Task details
Pictures in the records below must be left out. Return exactly the lines from the line with "2017 Mercedes-Benz Clase GLE 4.6 500 At" to the line with "JNR GOLD 6000 PUFFS DISPOSABLE VAPE", both included.

Recorded information

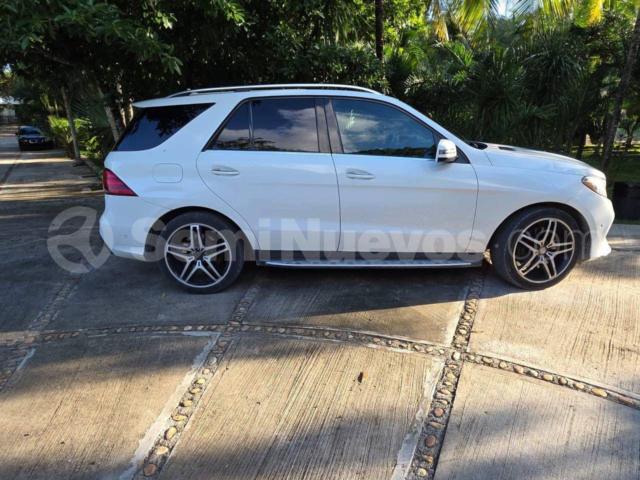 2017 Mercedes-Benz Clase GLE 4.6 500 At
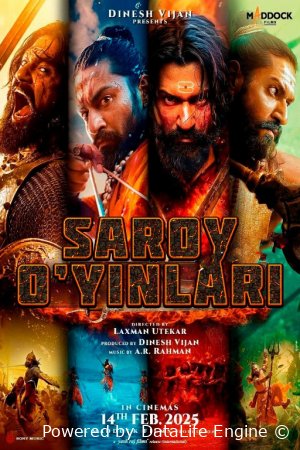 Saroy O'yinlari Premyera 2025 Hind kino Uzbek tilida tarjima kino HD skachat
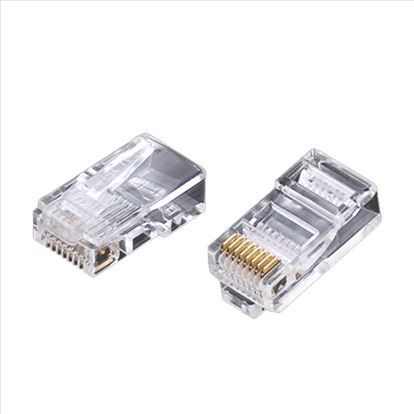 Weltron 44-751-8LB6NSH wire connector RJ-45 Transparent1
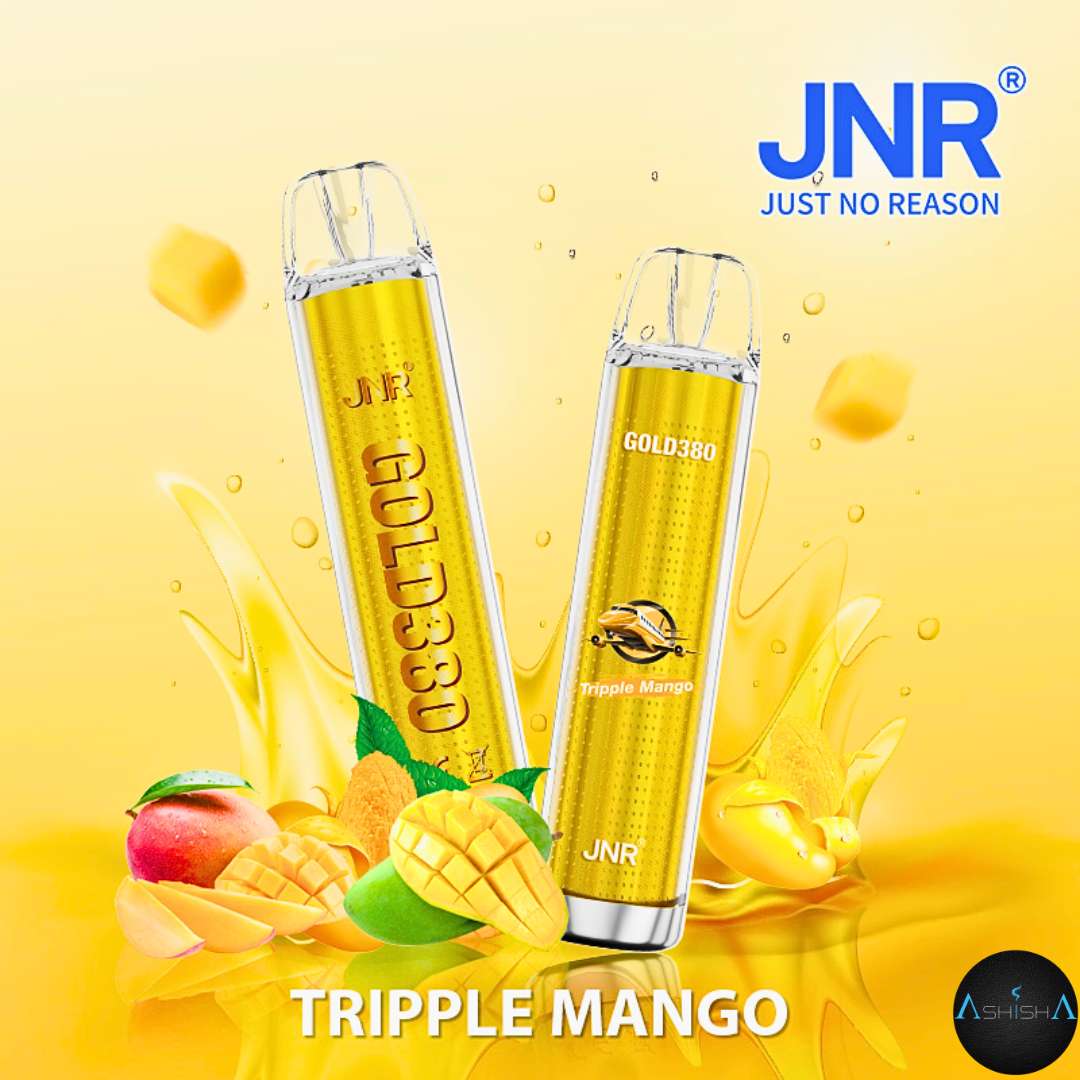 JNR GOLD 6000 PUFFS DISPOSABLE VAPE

---

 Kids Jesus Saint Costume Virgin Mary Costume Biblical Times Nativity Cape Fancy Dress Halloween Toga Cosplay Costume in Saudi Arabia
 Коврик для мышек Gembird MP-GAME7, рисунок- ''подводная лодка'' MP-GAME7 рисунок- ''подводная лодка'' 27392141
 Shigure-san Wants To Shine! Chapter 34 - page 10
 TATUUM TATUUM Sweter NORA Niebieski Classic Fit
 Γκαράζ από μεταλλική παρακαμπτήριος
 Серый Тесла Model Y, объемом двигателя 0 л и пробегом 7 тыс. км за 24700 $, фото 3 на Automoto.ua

Output for this task
 2017 Mercedes-Benz Clase GLE 4.6 500 At
 Saroy O'yinlari Premyera 2025 Hind kino Uzbek tilida tarjima kino HD skachat
 Weltron 44-751-8LB6NSH wire connector RJ-45 Transparent1
 JNR GOLD 6000 PUFFS DISPOSABLE VAPE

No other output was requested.